3. Research and Development Exemptions There is also a 5-year exemption from county property taxes (the exemption does not apply to school or municipal taxes) for the facilities of all new enterprises (and all additions valued at $50,000 or more to existing facilities of enterprises) engaged in research and development activities. Further, the governing body of a municipality may, by ordinance, exempt from municipal property taxes for not more than 5 years property that is located in the municipality and that receives the exemption from county property taxes. Facilities of enterprises engaged in research and development activities are defined as facilities devoted directly and primarily to research and development in the experimental or laboratory sense for new products, new uses for existing products, or for improving existing products.

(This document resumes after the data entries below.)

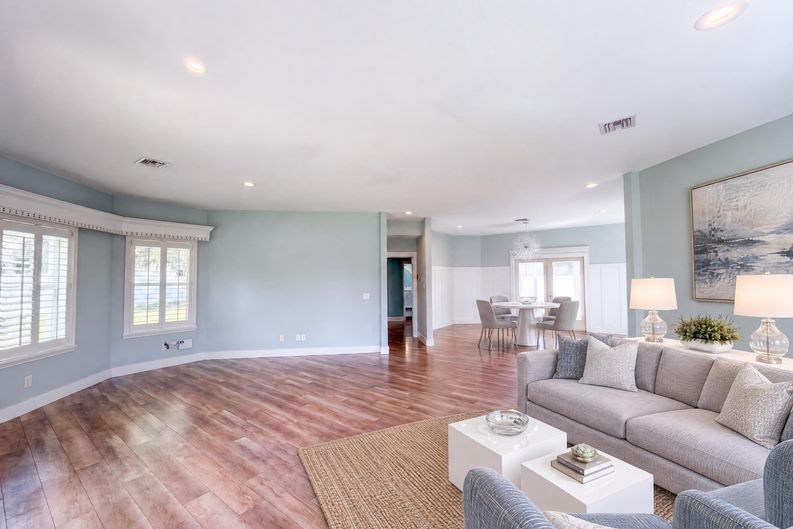 Photo 8 of 31 of 4335 SE 8th St, Ocala, FL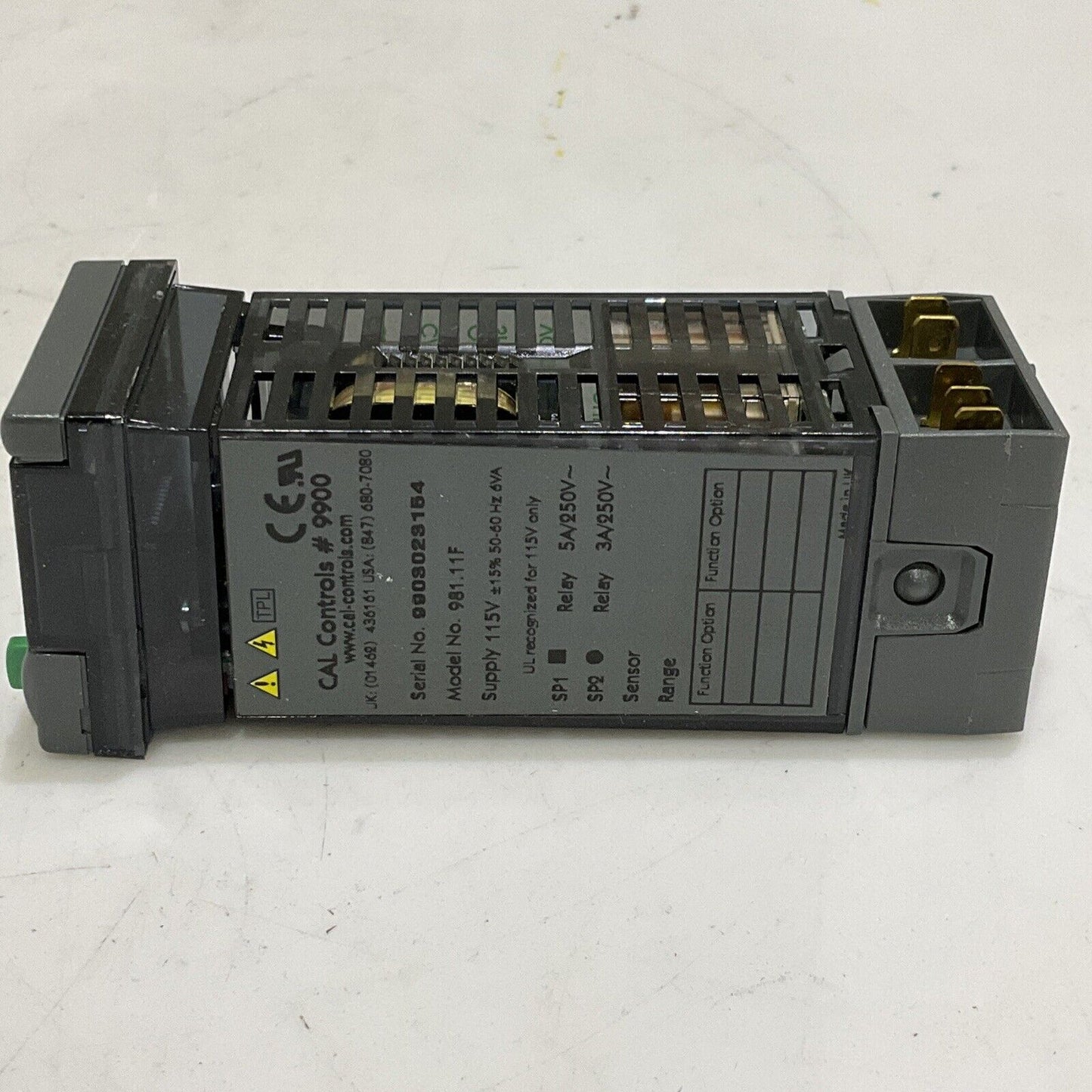 CAL CONTROLS 981.11F 9903023154 AUTOTUNE PID TEMPERATURE CONTROLLER LOT OF 2 373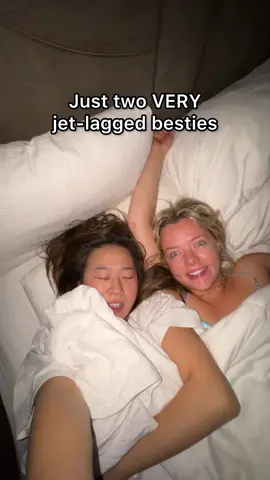 To get over jet lag, one MUST sing @Bridey Drake #brideyandjiny #BestFriends #bestfriendhumor #unhinged 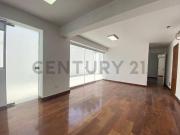 Venta de Flat en Primer Piso en Surco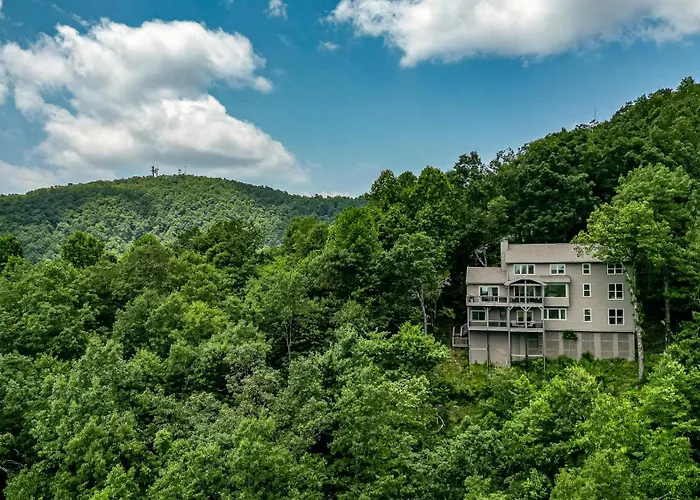 Southern Views - Big Canoe, Ga - Take In Sweeping Mountain Views, Cool Off In The Big Canoe Community Pool, Rack Up A Game Of Po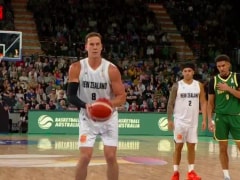 【世亚预第一阶段】澳大利亚vs新西兰录像回放在线观看(2025年11月28日)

The exemption does not include facilities used in connection with efficiency surveys, management studies, consumer surveys, economic surveys, advertising, promotion, or research in connection with literary, historical, or similar projects. 4. Corporate Headquarters, Corporate Office Facility, and Distribution Facility Exemptions There is a 5-year exemption from county property taxes (the exemption does not apply to school and municipal property taxes) for new corporate headquarters, corporate office facilities, distribution facilities, and all additions to existing corporate headquarters, corporate office facilities, or distribution facilities if: (1) The cost of the new construction or addition is $50,000 or more, and (2) 75 or more new full-time jobs, or 150 or more substantially equivalent jobs, are created in South Carolina.

The governing body of a municipality may, by ordinance, exempt from municipal property taxes for not more than 5 years property that is located in the municipality and that receives the exemption from county property taxes. Corporate headquarters means the location where corporate staff members or employees are domiciled and employed and where the majority of the company s financial, personnel, legal, planning, or other business functions are handled either on a regional or national basis; it must be the sole such corporate headquarters within the region or nation. Region or regional means a geographic area comprising either (a) at least 5 states, including South Carolina, or (b) 2 or more states, including South Carolina, if the entire business operations of the corporation are performed within fewer than 5 states. Corporate Office Facility means the location where corporate managerial, professional, technical, and administrative personnel are domiciled and employed, and where corporate financial, personnel, legal, technical, support services, and other business functions are handled. Support services include, but are not limited to, claims processing, data entry, word processing, sales order processing, and telemarketing. Distribution facility means an establishment where shipments of tangible personal property are processed for delivery to customers. 5. Multi-County Industrial Parks

South Carolina Code 4-1-170 provides that a joint industrial or business park (referred to as a multi-county industrial park) can be established by two or more counties pursuant to a written agreement between those counties. The multi-county park area is exempt from property tax. The owners of any property in the park will pay a fee in the amount equal to the property taxes that would have been due and payable if the property was not in a multi-county industrial park, unless the parties agree to a negotiated fee in lieu of property. The fee is treated like a property tax for purposes of collection and enforcement and the owners must file returns as if the fee were a property tax. A county may issue special source revenue bonds to help fund the project or to allow an entity paying a multi-county park fee in lieu of taxes a credit against the fee. However, the special source revenue bonds or the credit amount must be used solely for the purpose of paying the cost of acquiring, constructing, or improving infrastructure or for improved or unimproved real estate which enhances the economic development of the county or municipality. Additionally, a taxpayer located in a multi-county industrial park creating qualifying new, full time jobs is eligible for an additional $1,000 job tax credit. 6. Fee in Lieu of Taxes Under Article X of the South Carolina Constitution, manufacturing real or personal property is assessed at 10.5% of its fair market value. Commercial personal property is assessed at 10.5%, while commercial real property is assessed at 6%. To promote economic development within this State, the Legislature enacted three negotiated fee in lieu of property tax statutes (referred to as Fee in Lieu or Fee ).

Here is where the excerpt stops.